球形高筋壁板渐进模压变形缺陷调控与加载路径优化

Spherical shaped integral panels with high convex stiffeners are the main load-bearing structures of the node cabin in manned space station. Because of its structural complexity, large deformation and the demand of forming quality, the components are difficult to be formed qualifiedly using the present forming methods for integral panels. In this project, with the combination of the die forming and incremental bending forming, a new technology named point on point incremental die forming is developed in order to form the spherical shaped integral panels with high quality, short cycle and low cost. The research focuses on the below scientific issues of the new technology: (1) the deformation coordination mechanism of intersecting structure of skin and stiffeners during incremental die forming process, (2) theoretical calculation model of existing multi-direction bending springback, (3) evolution of deformation damage mechanism of high convex stiffeners with large deformation. The main research contents are as follows: (1) uneven material flow behavior and critical condition calculation of deformation defect, (2) analytical model of the multi-direction bending springback and calculation of load parameters, (3) formation mechanisms and laws of both residual stress and deformation damage, (4) precision process control of incremental bending forming for spherical integral panels. The formation mechanism of deformation defects, effects of parameters on springback and deformation damage mechanism will be revealed. The research results will supply technical guidance for the shape forming and performance control of the technology. The research has an important academic significance to enrich the plastic forming theory for integral panels. The proposed new technology is great helpful to manufacture the node cabin of space station effectively.

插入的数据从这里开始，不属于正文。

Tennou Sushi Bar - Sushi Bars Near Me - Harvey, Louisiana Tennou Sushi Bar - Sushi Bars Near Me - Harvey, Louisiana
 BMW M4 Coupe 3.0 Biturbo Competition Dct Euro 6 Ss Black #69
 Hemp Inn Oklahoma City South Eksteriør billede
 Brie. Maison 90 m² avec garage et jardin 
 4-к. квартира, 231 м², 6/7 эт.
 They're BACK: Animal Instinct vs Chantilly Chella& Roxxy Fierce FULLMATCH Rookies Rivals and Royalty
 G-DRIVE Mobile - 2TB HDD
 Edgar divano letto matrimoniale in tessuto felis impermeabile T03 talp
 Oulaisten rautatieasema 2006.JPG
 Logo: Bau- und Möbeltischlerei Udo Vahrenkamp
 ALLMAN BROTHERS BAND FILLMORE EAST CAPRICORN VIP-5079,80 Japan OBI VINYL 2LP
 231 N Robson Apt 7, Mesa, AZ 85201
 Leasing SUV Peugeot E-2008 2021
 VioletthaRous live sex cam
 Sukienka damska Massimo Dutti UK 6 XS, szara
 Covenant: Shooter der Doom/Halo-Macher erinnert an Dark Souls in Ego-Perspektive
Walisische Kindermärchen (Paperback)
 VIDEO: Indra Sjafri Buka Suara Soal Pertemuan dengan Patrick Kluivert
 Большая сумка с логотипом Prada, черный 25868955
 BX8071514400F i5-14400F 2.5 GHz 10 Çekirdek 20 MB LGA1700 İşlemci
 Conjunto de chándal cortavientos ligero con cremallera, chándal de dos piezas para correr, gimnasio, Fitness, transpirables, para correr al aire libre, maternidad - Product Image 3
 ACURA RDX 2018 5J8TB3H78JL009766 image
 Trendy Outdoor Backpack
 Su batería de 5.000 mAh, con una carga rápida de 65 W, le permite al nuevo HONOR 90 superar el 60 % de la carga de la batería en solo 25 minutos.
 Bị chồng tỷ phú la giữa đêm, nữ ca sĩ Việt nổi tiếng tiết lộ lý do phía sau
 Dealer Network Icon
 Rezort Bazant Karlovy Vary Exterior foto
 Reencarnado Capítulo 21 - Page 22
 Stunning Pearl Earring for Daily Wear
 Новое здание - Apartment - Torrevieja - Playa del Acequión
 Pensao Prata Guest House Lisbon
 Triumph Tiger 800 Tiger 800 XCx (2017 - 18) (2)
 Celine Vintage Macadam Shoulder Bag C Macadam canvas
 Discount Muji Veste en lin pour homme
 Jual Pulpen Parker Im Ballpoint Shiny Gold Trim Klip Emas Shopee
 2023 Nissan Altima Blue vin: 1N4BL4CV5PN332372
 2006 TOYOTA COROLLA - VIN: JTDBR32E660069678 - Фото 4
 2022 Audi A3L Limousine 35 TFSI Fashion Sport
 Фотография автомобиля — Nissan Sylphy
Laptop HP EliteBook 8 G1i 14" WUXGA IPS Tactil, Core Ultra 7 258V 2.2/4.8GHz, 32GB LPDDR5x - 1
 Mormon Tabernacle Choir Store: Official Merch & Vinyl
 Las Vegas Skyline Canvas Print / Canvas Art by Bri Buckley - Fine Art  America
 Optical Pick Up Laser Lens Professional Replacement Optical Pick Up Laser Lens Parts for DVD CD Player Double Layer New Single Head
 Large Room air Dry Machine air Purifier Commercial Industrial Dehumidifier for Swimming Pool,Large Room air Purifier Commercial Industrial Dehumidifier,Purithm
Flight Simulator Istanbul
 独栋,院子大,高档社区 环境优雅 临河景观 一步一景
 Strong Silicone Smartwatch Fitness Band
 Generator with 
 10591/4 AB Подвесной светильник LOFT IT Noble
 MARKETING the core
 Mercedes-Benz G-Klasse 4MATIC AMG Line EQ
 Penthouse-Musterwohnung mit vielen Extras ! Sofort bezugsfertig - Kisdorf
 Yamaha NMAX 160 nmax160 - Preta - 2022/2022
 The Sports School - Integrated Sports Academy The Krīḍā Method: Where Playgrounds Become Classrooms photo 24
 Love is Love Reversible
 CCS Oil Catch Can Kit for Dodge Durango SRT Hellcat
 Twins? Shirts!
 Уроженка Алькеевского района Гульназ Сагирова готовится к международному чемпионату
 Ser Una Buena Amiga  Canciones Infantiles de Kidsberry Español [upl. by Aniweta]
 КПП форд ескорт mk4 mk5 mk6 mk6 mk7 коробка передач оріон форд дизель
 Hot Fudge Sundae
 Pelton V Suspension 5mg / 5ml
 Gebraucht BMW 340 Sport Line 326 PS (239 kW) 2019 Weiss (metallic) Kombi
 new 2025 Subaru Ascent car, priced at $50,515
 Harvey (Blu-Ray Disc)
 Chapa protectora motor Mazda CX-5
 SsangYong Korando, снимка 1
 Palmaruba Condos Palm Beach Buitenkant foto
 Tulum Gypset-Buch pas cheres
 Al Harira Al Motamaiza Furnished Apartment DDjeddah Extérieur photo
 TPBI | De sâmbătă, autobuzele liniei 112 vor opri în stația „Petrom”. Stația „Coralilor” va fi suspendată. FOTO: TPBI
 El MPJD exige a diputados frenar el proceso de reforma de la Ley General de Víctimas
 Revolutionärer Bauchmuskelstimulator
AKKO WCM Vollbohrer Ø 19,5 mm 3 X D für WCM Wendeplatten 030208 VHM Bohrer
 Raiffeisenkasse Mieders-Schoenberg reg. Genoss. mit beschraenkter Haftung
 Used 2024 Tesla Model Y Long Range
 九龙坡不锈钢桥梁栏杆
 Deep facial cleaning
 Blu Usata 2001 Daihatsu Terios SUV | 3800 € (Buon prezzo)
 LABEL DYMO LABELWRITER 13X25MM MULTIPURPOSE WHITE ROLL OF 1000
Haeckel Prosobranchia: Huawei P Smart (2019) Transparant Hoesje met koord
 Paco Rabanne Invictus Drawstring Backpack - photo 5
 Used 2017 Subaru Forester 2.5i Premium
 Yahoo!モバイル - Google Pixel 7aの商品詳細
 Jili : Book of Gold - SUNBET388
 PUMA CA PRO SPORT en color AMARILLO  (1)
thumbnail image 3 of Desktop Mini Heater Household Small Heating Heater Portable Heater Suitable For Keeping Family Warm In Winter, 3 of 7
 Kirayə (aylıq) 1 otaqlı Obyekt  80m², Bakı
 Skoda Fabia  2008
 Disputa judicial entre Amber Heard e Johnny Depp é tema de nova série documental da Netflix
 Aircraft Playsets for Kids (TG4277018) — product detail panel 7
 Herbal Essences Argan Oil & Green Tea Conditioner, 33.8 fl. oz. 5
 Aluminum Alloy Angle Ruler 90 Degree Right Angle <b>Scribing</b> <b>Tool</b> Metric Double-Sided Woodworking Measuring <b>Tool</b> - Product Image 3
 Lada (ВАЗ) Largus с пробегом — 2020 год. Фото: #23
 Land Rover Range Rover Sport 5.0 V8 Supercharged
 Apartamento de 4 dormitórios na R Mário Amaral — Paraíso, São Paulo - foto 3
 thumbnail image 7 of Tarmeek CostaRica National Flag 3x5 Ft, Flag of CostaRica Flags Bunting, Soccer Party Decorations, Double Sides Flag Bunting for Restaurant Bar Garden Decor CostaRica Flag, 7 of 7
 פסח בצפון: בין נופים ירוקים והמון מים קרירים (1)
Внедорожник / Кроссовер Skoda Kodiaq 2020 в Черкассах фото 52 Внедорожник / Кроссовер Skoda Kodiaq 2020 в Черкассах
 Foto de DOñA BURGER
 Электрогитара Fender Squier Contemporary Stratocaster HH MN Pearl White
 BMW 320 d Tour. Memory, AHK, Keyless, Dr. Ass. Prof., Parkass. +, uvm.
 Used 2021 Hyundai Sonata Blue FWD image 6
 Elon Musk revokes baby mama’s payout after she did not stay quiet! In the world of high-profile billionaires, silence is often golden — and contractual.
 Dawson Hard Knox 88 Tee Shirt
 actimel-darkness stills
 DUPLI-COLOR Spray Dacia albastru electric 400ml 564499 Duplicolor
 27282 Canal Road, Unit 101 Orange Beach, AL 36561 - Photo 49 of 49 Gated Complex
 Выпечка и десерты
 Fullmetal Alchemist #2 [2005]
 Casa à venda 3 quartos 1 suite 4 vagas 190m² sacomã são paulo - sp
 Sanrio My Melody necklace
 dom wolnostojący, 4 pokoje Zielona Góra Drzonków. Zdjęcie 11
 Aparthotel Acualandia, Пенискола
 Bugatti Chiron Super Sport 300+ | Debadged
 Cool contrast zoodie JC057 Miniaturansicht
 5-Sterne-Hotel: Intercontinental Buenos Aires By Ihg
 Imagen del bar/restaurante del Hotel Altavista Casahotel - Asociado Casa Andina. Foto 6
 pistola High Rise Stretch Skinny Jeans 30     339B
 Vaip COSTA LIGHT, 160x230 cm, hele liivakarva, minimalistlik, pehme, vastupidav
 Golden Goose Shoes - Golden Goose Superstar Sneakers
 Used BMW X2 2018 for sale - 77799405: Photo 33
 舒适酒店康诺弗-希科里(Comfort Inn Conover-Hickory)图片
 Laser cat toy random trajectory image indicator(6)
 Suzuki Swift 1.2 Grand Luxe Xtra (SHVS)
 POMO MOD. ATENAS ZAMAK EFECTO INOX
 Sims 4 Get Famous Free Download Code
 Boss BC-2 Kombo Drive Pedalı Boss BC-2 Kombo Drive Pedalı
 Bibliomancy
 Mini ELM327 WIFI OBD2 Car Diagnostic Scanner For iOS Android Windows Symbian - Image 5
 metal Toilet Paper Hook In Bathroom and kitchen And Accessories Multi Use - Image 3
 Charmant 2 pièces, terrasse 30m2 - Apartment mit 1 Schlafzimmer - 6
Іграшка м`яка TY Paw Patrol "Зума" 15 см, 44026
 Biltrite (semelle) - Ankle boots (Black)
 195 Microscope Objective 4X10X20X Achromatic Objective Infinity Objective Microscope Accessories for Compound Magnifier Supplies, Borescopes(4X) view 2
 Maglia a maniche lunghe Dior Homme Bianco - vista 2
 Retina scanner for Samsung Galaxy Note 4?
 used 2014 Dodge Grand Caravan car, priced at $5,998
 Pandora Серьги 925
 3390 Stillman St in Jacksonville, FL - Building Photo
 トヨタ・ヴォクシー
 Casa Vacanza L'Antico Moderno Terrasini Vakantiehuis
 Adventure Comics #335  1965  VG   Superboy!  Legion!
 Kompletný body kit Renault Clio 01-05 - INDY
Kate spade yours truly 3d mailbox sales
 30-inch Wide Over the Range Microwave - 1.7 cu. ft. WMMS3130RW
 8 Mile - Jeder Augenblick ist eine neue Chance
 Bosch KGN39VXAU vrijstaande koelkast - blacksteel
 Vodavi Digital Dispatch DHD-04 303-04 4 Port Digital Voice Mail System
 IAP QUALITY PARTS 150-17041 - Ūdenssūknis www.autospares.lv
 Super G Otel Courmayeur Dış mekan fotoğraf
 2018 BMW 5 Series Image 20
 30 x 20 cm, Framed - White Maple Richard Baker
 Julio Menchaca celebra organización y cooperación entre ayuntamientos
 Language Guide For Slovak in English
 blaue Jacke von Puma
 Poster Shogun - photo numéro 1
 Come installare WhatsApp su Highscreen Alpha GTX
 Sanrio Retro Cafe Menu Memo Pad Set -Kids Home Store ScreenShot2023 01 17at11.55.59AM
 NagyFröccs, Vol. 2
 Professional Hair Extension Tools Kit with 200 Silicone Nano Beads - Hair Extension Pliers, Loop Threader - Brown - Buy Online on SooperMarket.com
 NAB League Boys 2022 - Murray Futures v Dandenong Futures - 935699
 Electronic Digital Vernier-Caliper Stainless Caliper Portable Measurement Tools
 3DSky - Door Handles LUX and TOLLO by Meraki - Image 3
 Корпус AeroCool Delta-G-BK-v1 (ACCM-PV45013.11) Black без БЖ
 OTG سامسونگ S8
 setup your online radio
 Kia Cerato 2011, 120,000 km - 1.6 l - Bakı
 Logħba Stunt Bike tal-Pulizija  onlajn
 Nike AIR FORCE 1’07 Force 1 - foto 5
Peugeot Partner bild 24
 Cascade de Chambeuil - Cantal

球形外凸高筋整体壁板是载人航天空间站节点舱的主结构件，由于其结构复杂、变形曲率大及成形质量要求高，现有的整体壁板成形工艺难以制造出合格零件。本项目将模压成形与渐进压弯工艺相结合，提出一种逐点渐进模压成形的新工艺，以实现对球形外凸高筋整体壁板高质量、短周期和低成本精确成形制造。围绕逐点渐进模压过程中筋条和蒙皮交叉结构的变形协调机制、多向弯曲加载条件下回弹理论、多道次增量加载路径下变形损伤演化机制等科学问题，从高筋壁板成形过程非均匀材料流动分析及临界条件计算、多向弯曲回弹模型与加载参数计算方法、残余应力与变形损伤形成机制及影响规律、球形壁板渐进模压成形工艺调控方法等方面开展研究，揭示球形外凸壁板渐进模压结构缺陷形成机理、回弹及变形损伤规律，为工艺过程的形、性优化调控提供相应的理论指导。项目研究成果可丰富整体壁板的塑性成形理论和工艺技术，为我国航天空间站节点舱研制提供制造技术保障。

本项目针对我国空间站节点舱的大尺寸球形外凸高筋整体壁板成形制造难题，提出并开发了一种使用小尺寸模具逐点渐进模压的柔性成形工艺。结合理论、有限元仿真和试验方法，针对渐近模压工艺的失稳预测与控制，交叉筋条回弹，变形损伤与残余应力调控、多道次模压工艺规划与参数计算等关键科学问题进行了系统研究。基于渐近模压过程中筋条和蒙皮的材料流动和应力分布，提出了一种考虑剪应力和应变强化的临界失稳条件计算方法；提出了一种综合考虑截面反弯矩和蒙皮内弹性应变释放的交叉筋条结构回弹计算方法，并能计算完全下压和中间道次未完全下压回弹后的筋条轮廓形状；采用适用铝合金拉伸剪切复合变形状态的韧性断裂准则计算变形损伤，基于统计学方法分析变形损伤和残余应力分布，为模具尺寸和加载量的形性调控提供评价指标；基于最小塑性功原理提出了渐进模压成形时中间道次的构型设计方法，综合考虑失稳极限、回弹、变形损伤和残余应力，提出了渐近模压工艺设计流程及工艺参数设计方法；基于ABAQUS软件开发了变形损伤计算、模压快速建模和多道次模压轨迹设计等专业插件，实现了节点舱大型球形壁板的逐点渐近模压复杂工序过程有限元仿真和参数优化；进行了多边形典型件及大尺寸球形壁板1:1渐近模压生产试验，成形制造了合格的大尺寸球形高筋壁板零件，验证了模压工艺设计方法的有效性。本项目解决了交叉高筋壁板渐近模压过程中缺陷预测、成形质量调控和工艺设计的难题，研究成果为型号节点舱研制提供了实用的工艺方法和技术支撑，也为未来空间站双曲率高筋壁板高精度高质量制造积累了技术基础。